Genres: Comedy      Crime Coming of Age

Teen

African American      

Perfect Score

Reviewed by Cathy Edsey Collins
for Reel Movie Critic

ê ½

Cast

Scarlett Johansson Francesca
Erika Christensen Anna
Chris Evans Kyle
Darius Miles Desmond
Directed by Brian Robbins. A teen drama. Rated PG-13(for language, sexual content and drug references). Paramount Pictures. Running time: approx. 90 minutes.

Imperfect

The idea probably looked good on paper. Six high school upperclassmen pressured by college placement offices to excel on the SAT, conspire to steal the answers in order to insure acceptance to the college of their choice.

Unfortunately, like a student who freezes during a standardized test, "Perfect Score" seems petrified in most scenes, lacking any momentum and fizzling out at its conclusion.

The film’s supposed buzzline, —"The SAT is not about who you are but what you’ll be, "— makes about as much sense as this muddled plot.
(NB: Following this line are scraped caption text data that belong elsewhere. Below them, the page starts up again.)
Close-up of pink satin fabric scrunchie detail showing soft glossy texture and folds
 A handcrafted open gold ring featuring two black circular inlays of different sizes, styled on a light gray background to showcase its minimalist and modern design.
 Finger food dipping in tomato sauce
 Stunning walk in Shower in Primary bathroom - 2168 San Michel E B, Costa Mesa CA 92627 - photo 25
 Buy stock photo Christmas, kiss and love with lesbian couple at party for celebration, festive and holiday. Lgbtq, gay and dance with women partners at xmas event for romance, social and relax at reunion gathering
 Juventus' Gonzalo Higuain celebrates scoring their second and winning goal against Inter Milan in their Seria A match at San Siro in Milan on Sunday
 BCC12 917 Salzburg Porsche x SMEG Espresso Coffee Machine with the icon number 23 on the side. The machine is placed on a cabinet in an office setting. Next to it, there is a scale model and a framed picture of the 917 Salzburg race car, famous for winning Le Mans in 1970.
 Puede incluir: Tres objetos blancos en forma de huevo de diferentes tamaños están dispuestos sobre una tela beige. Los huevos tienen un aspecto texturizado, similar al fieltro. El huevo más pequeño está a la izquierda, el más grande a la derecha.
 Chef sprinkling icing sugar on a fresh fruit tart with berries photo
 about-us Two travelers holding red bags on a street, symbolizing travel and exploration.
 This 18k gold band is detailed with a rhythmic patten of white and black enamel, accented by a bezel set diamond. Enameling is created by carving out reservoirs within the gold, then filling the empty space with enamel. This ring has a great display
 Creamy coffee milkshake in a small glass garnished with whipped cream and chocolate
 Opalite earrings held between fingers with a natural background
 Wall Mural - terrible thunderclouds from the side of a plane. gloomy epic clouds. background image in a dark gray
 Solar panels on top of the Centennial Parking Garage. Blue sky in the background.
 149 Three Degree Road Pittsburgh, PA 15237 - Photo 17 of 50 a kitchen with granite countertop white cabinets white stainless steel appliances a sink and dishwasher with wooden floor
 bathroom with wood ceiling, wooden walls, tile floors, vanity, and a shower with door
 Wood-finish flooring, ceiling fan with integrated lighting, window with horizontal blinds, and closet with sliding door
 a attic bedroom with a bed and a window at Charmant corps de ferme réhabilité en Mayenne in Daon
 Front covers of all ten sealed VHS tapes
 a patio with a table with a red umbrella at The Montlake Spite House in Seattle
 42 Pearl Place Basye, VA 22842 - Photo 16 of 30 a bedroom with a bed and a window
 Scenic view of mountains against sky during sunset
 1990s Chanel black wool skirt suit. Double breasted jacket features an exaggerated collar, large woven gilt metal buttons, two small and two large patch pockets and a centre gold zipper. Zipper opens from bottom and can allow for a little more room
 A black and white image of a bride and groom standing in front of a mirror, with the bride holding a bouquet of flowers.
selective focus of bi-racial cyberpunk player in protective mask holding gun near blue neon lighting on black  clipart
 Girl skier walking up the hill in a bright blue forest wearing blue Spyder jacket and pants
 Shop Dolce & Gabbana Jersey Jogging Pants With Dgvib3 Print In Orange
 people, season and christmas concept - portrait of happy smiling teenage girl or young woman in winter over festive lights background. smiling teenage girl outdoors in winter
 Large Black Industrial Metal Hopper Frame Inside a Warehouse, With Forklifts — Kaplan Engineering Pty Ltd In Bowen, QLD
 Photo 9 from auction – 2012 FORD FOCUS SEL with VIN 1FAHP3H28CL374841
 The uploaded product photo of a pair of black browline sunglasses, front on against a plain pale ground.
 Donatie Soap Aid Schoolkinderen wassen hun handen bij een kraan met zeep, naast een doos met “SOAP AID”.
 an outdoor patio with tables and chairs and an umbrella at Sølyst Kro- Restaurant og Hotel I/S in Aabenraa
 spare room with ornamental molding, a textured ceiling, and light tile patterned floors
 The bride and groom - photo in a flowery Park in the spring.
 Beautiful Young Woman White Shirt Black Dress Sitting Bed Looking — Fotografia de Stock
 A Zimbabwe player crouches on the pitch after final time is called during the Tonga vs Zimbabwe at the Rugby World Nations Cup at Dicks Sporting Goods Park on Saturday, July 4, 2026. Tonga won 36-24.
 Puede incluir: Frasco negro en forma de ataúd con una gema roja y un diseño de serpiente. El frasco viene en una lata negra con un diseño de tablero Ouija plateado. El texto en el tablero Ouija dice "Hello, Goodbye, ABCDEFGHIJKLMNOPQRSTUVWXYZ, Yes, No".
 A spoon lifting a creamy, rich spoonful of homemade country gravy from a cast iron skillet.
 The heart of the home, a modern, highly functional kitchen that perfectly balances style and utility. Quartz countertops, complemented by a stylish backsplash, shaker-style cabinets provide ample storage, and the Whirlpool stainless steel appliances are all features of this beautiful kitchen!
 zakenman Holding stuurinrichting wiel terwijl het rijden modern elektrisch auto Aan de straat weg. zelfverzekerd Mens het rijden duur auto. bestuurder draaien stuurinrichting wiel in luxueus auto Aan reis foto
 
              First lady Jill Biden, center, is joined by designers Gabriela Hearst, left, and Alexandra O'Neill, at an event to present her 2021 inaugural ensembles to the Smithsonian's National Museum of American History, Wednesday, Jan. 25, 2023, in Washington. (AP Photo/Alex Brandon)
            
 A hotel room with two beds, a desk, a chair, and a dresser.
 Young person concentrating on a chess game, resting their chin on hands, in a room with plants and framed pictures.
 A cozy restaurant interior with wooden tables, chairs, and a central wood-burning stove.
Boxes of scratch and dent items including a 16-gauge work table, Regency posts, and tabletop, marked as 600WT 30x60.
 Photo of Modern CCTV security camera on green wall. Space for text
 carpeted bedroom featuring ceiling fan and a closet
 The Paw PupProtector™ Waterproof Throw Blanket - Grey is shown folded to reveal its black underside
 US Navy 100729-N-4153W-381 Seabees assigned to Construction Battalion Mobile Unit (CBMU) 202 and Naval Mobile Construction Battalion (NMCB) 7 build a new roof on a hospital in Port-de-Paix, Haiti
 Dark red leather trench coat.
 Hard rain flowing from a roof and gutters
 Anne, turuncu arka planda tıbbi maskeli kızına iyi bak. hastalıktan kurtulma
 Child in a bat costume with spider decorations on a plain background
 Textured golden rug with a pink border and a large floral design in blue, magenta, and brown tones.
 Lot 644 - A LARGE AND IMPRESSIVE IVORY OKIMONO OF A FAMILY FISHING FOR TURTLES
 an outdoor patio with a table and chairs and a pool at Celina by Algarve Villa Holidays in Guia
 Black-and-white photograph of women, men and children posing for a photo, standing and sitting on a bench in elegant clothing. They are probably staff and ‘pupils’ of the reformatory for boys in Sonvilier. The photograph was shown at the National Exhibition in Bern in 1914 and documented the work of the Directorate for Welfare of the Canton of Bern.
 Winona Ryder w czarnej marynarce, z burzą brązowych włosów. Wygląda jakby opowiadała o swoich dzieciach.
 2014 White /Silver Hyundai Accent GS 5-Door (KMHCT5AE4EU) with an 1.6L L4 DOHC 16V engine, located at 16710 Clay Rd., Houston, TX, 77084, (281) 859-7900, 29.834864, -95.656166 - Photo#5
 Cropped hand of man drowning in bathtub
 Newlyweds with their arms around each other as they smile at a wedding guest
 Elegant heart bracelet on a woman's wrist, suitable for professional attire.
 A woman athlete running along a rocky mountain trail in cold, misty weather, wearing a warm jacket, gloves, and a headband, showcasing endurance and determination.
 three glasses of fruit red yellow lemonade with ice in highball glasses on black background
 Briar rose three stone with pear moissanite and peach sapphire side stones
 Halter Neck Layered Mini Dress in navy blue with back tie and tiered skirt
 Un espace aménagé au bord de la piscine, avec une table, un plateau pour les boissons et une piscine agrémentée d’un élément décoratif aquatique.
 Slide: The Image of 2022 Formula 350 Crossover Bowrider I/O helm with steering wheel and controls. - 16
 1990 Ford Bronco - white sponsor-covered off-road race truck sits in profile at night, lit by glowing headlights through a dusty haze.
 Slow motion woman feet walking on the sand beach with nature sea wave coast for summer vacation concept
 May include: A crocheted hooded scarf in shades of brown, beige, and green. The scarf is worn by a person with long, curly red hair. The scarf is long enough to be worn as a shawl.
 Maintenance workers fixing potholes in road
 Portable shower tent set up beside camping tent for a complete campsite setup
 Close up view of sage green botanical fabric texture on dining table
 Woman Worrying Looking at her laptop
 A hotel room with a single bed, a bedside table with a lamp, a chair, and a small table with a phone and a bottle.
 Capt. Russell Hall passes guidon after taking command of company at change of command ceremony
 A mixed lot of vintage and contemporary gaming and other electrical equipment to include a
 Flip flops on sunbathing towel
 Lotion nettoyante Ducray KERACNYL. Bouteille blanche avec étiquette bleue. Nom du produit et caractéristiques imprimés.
The key vocabulary words of nervous college-bound seniors ring true—"fall back schools," "safety schools," "GPA" and the SAT magic number 1600—but the characterizations of this diverse group scream false.

Talented actresses Scarlett Johansson—who is in danger of overexposure with her third film in a year ("Lost in Translation," "The Girl With the Pearl Earring")—and Erika Christensen, who was electric in "Traffic," are totally wasted in this lamebrain project. Johnasson is the worldly "bad girl" with an absentee father who enjoys a multitude of young bed partners. Christensen is the pride of her over-achieving parents, who live vicariously through their daughter’s entrance to prestigious Brown University.

This predictable cross-section of American youth is rounded out by a well-scrubbed architect wanna-be with his sights on Cornell University, a dumb basketball jock intent on playing college hoops, a lovesick goof who wants in where his girlfriend is a co-ed, and a maniacal bottom feeder who is ranked last in the class.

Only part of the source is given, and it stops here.